------ SOURCE MATERIAL ------

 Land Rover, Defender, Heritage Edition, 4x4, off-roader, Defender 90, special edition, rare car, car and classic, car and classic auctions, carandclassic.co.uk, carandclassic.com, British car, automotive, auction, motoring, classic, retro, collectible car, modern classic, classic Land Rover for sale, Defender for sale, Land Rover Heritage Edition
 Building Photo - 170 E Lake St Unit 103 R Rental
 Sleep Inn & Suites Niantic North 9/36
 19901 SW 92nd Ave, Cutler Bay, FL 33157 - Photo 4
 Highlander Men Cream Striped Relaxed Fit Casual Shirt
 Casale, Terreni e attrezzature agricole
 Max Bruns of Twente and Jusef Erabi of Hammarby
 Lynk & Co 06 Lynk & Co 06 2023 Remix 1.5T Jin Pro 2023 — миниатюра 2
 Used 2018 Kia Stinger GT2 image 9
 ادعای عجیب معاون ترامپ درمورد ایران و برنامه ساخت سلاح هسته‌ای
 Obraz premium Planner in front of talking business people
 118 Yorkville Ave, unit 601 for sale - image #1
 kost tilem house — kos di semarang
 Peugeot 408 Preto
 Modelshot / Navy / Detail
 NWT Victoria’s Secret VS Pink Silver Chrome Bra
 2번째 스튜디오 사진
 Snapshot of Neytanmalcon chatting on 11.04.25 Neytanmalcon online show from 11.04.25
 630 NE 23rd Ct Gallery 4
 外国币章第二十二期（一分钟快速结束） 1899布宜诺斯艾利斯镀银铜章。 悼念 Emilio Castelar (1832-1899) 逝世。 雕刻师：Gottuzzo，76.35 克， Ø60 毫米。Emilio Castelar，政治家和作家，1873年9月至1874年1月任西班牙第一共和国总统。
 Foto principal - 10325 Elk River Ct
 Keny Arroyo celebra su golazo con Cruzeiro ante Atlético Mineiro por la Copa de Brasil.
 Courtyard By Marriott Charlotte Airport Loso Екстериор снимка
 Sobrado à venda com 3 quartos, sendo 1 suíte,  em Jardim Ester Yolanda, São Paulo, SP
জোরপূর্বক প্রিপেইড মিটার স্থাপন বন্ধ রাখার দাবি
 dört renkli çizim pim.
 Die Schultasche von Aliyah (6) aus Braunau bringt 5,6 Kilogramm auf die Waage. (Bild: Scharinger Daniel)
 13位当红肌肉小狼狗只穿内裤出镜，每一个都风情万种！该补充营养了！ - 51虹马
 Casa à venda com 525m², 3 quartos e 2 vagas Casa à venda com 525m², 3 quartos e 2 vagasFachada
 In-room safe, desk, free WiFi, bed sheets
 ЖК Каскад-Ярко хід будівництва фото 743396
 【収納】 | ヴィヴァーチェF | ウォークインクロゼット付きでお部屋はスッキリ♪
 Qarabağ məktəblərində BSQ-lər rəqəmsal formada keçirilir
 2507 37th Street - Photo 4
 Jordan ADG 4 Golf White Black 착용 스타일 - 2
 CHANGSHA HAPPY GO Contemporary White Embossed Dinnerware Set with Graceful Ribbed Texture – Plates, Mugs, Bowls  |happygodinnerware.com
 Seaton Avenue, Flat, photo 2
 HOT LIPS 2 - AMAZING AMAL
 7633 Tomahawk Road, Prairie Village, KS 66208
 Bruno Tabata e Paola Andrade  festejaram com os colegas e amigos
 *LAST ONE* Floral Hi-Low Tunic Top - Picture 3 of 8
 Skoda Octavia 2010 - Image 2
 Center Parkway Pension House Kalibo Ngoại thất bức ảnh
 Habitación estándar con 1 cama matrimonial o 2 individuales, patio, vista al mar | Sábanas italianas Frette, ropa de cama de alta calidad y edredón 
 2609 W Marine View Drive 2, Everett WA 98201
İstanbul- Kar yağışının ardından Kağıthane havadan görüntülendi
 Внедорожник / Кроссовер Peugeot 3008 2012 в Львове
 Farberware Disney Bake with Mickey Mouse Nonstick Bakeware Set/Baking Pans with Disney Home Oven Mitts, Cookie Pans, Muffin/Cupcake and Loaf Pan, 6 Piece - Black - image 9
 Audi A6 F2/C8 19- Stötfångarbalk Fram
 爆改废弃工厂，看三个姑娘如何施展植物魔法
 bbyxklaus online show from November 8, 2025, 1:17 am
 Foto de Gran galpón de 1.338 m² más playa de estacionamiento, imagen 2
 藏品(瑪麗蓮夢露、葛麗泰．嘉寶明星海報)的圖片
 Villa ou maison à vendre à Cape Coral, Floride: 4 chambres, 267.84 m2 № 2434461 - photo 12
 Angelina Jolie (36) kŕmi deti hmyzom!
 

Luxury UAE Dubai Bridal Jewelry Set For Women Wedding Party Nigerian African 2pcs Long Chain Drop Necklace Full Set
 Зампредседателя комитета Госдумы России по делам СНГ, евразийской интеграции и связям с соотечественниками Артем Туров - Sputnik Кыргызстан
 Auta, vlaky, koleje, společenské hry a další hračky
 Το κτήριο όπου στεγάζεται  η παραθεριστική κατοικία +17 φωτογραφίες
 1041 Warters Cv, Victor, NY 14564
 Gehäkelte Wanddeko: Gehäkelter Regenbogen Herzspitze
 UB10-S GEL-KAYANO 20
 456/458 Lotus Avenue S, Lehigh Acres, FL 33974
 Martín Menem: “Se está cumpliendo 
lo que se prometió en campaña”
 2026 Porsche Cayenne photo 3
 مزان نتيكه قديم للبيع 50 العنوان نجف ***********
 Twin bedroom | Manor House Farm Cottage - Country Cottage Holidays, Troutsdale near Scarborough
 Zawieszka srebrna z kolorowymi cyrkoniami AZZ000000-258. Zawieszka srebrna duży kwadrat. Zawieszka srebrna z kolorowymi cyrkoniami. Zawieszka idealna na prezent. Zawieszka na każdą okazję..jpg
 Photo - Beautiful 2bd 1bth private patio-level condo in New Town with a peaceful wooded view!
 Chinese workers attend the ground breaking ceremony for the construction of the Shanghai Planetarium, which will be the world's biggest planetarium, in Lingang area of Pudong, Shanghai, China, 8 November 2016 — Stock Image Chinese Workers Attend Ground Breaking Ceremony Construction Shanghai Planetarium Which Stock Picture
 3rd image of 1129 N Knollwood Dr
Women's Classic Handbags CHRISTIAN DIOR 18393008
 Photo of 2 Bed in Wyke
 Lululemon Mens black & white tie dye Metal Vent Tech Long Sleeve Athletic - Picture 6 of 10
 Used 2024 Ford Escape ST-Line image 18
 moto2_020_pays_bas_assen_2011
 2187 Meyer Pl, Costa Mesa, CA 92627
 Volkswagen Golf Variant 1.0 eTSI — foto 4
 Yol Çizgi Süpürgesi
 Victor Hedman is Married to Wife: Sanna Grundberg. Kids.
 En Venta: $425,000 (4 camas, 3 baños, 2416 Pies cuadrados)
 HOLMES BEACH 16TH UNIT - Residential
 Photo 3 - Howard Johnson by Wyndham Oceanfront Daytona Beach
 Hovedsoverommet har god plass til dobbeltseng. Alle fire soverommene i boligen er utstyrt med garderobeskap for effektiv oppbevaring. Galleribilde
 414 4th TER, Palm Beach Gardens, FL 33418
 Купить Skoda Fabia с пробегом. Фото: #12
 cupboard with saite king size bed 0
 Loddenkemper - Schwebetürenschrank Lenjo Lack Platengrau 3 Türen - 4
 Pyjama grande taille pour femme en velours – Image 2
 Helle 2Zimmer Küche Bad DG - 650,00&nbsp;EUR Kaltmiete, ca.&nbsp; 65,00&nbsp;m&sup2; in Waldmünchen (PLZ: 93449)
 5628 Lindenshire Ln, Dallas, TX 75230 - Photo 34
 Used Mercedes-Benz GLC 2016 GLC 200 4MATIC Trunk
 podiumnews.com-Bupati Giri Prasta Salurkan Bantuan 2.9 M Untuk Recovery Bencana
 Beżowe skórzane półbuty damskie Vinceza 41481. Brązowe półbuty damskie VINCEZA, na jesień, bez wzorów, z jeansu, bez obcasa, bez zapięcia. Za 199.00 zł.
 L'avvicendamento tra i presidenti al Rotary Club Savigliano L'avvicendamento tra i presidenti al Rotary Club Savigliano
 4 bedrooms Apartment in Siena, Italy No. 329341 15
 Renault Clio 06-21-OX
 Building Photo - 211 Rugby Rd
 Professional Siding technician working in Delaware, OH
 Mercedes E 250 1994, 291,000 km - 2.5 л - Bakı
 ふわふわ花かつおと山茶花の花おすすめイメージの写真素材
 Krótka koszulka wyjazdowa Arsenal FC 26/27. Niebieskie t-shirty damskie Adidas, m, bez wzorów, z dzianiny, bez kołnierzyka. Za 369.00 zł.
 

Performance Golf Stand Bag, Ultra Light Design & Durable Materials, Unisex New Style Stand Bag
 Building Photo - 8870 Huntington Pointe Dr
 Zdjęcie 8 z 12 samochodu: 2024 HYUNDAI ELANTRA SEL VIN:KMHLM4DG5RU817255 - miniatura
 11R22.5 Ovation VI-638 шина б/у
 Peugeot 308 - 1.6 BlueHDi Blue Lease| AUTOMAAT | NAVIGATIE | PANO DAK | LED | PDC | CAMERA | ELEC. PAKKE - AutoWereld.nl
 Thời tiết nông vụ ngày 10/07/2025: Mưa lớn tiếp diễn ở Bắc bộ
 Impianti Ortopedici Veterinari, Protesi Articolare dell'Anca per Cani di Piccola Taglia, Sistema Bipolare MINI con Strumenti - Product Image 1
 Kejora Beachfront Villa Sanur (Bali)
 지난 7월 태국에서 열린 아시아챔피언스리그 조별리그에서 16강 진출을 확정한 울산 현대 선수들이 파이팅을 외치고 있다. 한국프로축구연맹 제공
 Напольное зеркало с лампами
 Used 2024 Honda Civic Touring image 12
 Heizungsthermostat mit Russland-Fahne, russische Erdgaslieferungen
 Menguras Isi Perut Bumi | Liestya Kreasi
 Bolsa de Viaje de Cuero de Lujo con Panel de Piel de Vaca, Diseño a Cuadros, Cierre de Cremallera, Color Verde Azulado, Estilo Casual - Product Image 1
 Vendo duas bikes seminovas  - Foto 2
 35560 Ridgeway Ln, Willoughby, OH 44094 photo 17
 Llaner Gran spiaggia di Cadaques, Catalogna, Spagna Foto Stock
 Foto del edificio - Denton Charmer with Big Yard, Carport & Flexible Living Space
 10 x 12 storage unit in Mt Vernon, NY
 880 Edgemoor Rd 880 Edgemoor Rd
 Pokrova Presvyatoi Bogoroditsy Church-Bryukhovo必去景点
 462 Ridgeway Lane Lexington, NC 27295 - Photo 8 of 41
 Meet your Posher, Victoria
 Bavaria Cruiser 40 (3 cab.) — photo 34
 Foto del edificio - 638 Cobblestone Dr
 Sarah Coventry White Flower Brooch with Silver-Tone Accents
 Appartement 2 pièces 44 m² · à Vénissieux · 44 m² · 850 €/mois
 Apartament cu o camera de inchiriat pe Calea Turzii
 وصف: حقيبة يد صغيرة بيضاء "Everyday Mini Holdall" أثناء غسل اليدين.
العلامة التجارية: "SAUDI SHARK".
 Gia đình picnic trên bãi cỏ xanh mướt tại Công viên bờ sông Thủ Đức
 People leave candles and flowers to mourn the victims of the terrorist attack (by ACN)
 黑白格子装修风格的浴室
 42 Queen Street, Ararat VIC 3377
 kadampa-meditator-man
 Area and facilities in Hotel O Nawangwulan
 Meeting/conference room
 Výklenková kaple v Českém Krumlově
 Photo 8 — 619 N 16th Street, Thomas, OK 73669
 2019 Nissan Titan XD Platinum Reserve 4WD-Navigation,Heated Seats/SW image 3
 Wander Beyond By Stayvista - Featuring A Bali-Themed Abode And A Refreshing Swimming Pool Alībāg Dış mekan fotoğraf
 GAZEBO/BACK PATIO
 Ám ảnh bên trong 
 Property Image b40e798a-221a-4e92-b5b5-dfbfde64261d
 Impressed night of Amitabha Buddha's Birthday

------

● **WORK INSTRUCTIONS**
Of the entries listed above, reproduce only the lines starting at the line containing "Loddenkemper - Schwebetürenschrank" and ending at the line containing "Used Mercedes-Benz GLC". Include both, exactly as they stand.

● **OUTPUT**
 Loddenkemper - Schwebetürenschrank Lenjo Lack Platengrau 3 Türen - 4
 Pyjama grande taille pour femme en velours – Image 2
 Helle 2Zimmer Küche Bad DG - 650,00&nbsp;EUR Kaltmiete, ca.&nbsp; 65,00&nbsp;m&sup2; in Waldmünchen (PLZ: 93449)
 5628 Lindenshire Ln, Dallas, TX 75230 - Photo 34
 Used Mercedes-Benz GLC 2016 GLC 200 4MATIC Trunk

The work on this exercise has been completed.